I don’t think Newcombe-like dilemmas are relevant for the reasoning of potentially dangerous AIs
When a programmer writes software, it’s because they have a prediction in mind about how the software is likely to behave in the future: we have goals we want software to achieve, and we write the code that we think will behave in the intended way. AGI systems are particularly likely to end up in Newcomblike scenarios if we build them to learn our values by reasoning about their programmers’ intentions and goals, or if the system constructs any intelligent subprocesses or subagents to execute tasks, or executes significant self-modifications at all. In the latter cases, the system itself is then in a position of designing reasoning algorithms based on predictions about how the algorithms will behave in the future.
The same principle holds if two agents are modeling each other in real time, as opposed to predicting a future agent; e.g., two copies of an AGI system, or subsystems of a single AGI system.
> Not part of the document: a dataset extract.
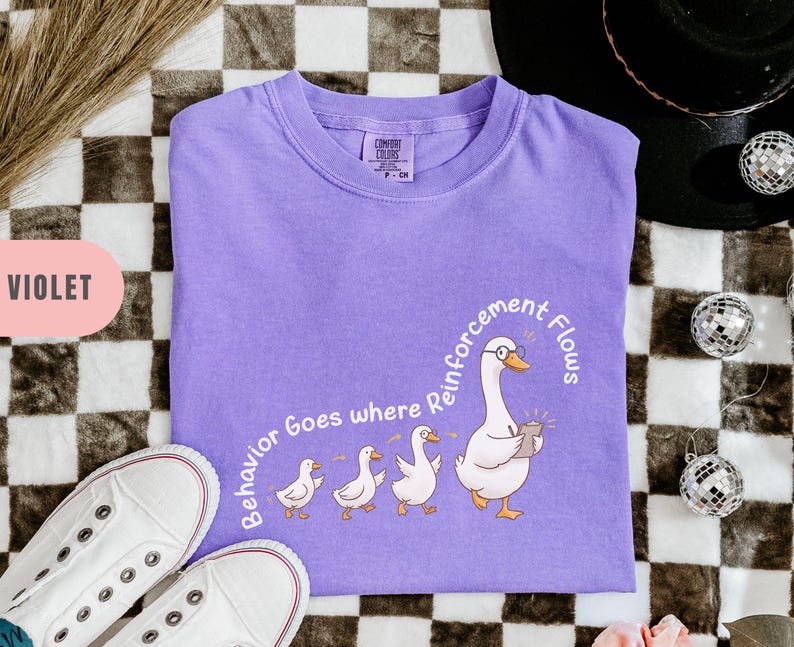 May include: Violet-colored t-shirt with a graphic of a goose wearing glasses and holding a notepad, leading a line of ducklings. The text "Behavior Goes where Reinforcement Flows" is printed on the shirt. White sneakers are visible in the bottom left corner.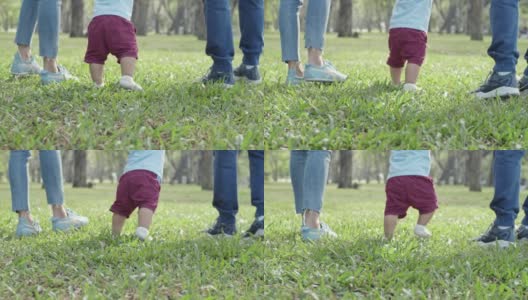 父母牵着儿子的手在公园散步高清在线视频素材下载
The copies don’t have to be exact, and the systems don’t have to have direct access to each other’s source code, for the same issues to crop up.
One secondary motivation for TDT/UDT/FDT is a fallacious argument that it endorses cooperation in the true prisoner’s dilemma.
What’s the fallacy you’re claiming?
Informal arguments seem to be the load-bearing applying these theories to any particular problem; the technical works seem to be mainly formalizing narrow instances of these theories to agree with the informal intuition.
This seems wrong, if you’re saying that we can’t formally establish the behavior of different decision theories, or that applying theories to different cases requires ad-hoc emendations; see section 5 of “Functional Decision Theory” (and subsequent sections) for a comparison and step-by-step walkthrough of procedures for FDT, CDT, and EDT. One of the advantages we claim for FDT over CDT and EDT is that it doesn’t require ad-hoc tailoring for different dilemmas (e.g., ad-hoc precommitment methods or ratification procedures, or modifications to the agent’s prior).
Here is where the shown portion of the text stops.